C’est à ce titre, qu’en effet 3 policiers municipaux se sont présentés le 6 octobre dans cette librairie, dans le cadre de leur tournée, pour rappeler aux gérants (absents le jour de la visite), que la publication dans laquelle ils se sont mis en scène, agrippés à un engin de chantier, contrevenait à toute règle de sécurité, comme d’ailleurs pénétrer dans une zone de chantier interdite au public.

Un très bon accueil leur a été réservé par les salariés présents. S’en est suivi un échange cordial, pédagogique et constructif.

Il est important de préciser que cette démarche a été à l’initiative des techniciens de la Ville, dans le cadre de leurs missions de prévention, sans demande spécifique des élus.
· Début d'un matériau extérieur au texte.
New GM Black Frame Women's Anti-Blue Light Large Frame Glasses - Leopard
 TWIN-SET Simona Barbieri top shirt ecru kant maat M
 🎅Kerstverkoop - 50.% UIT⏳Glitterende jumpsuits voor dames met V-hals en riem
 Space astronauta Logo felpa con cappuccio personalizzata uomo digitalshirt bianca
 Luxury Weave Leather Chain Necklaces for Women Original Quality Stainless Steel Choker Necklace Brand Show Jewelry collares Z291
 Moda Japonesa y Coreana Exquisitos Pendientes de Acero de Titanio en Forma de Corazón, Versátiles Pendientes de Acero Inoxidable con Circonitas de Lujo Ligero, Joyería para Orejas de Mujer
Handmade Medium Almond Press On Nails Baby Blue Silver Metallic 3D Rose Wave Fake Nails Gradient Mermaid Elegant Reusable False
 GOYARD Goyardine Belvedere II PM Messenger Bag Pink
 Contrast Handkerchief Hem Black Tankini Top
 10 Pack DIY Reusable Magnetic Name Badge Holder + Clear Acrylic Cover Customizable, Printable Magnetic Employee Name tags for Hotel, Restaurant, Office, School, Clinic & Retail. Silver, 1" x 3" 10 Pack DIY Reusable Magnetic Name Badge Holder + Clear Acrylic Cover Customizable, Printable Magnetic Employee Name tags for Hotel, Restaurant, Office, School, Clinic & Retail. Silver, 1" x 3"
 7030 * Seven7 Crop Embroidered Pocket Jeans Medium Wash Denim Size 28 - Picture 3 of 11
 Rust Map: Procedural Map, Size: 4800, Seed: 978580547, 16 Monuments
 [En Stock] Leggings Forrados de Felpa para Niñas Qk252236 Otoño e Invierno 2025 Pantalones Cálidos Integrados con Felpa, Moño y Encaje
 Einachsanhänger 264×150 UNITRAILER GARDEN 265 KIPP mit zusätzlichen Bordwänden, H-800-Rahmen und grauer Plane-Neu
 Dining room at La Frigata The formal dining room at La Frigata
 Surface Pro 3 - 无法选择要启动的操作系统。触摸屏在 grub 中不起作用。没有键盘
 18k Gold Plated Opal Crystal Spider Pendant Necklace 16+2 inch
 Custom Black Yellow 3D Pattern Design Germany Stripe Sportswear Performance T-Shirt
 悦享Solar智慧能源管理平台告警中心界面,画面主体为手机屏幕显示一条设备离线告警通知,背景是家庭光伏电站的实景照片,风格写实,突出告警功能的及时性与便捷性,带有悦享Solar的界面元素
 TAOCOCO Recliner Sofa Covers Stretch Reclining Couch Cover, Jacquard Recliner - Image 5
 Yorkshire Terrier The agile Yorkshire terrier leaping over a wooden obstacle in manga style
La force publique n’a pas le pouvoir de faire retirer une publication, néanmoins il a été indiqué aux personnes ayant échangé avec la Police Municipale que toute communication sur les réseaux sociaux peut engendrer une incidence en cascade sur les faits et les personnes exposées.

Les travaux de la Halle arrivant à leur terme dans quelques semaines, il serait regrettable bien évidemment qu’un incident malheureux ne vienne retarder la fin de ce projet et la réinstallation tant attendue des commerçants.

Nous rappelons que ce projet d’un montant global de 4,2 millions d’euros, retenu dans le cadre du programme « Action cœur de ville », va tendre à donner un nouveau visage à ce quartier historique.